#### COLLECTED DATA
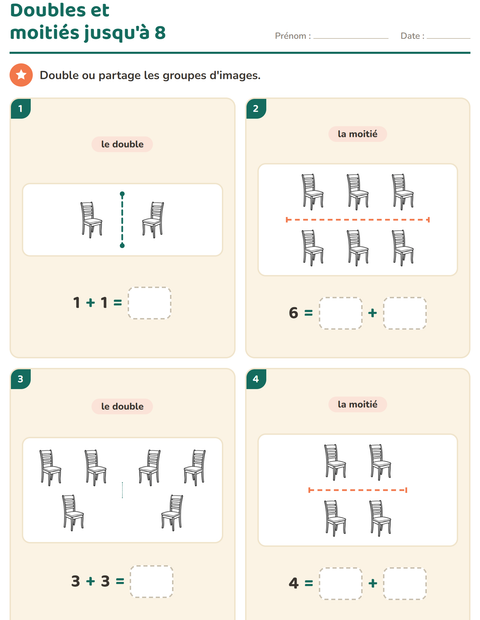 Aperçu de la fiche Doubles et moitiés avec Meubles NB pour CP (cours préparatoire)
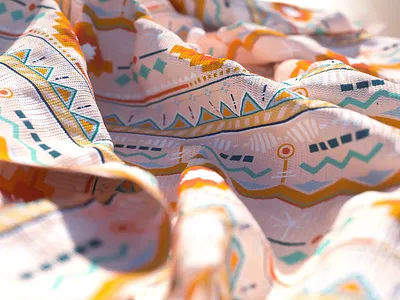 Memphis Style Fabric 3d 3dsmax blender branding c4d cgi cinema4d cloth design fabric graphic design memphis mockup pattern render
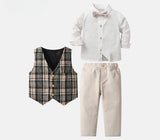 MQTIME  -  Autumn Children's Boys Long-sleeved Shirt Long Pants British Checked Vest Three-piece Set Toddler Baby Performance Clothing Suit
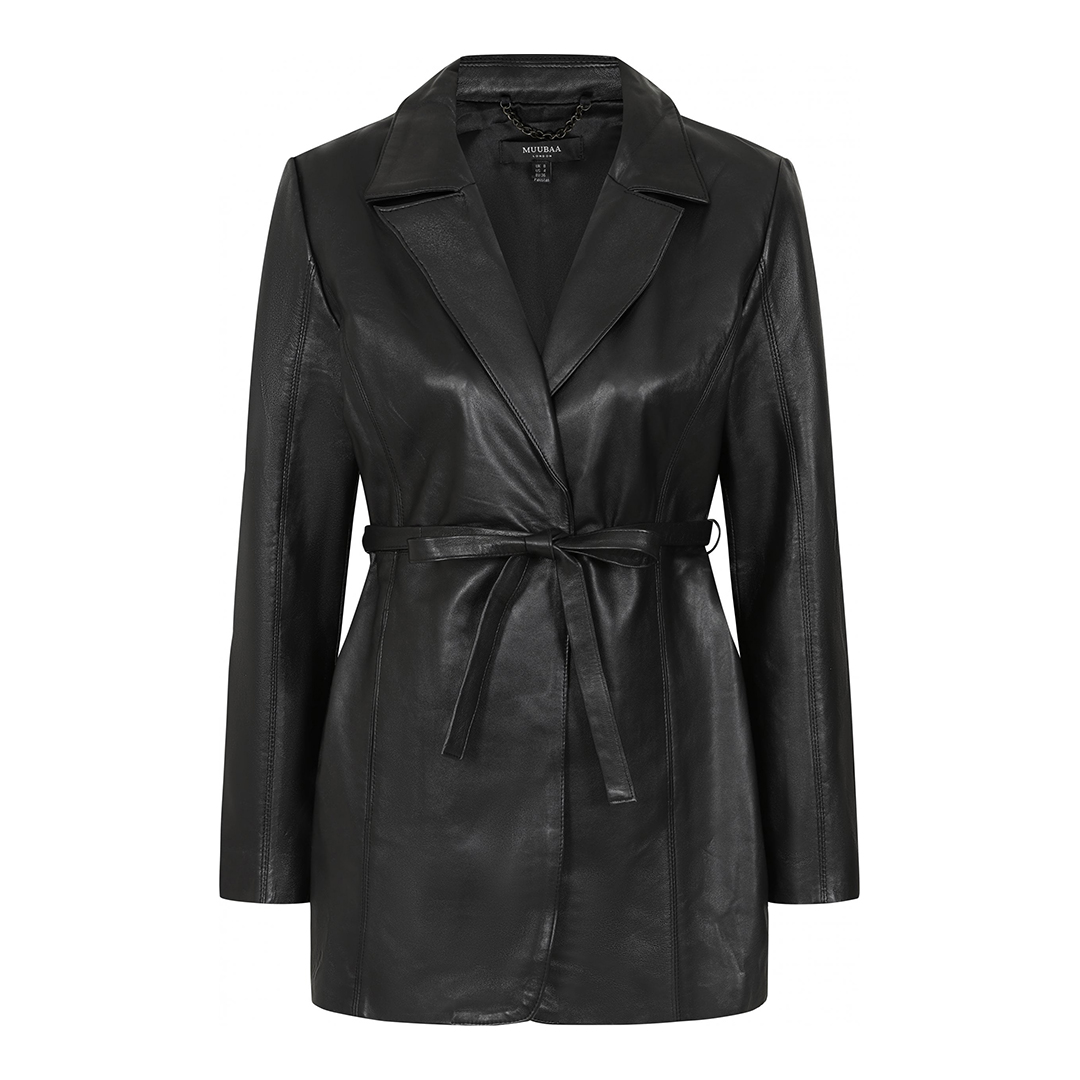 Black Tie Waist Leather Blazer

#### WORK ORDER
Omitting the pictures, write out the material above exactly as it stands.

#### ANSWER TO THIS PROBLEM
 Aperçu de la fiche Doubles et moitiés avec Meubles NB pour CP (cours préparatoire)
 Memphis Style Fabric 3d 3dsmax blender branding c4d cgi cinema4d cloth design fabric graphic design memphis mockup pattern render
 MQTIME  -  Autumn Children's Boys Long-sleeved Shirt Long Pants British Checked Vest Three-piece Set Toddler Baby Performance Clothing Suit
 Black Tie Waist Leather Blazer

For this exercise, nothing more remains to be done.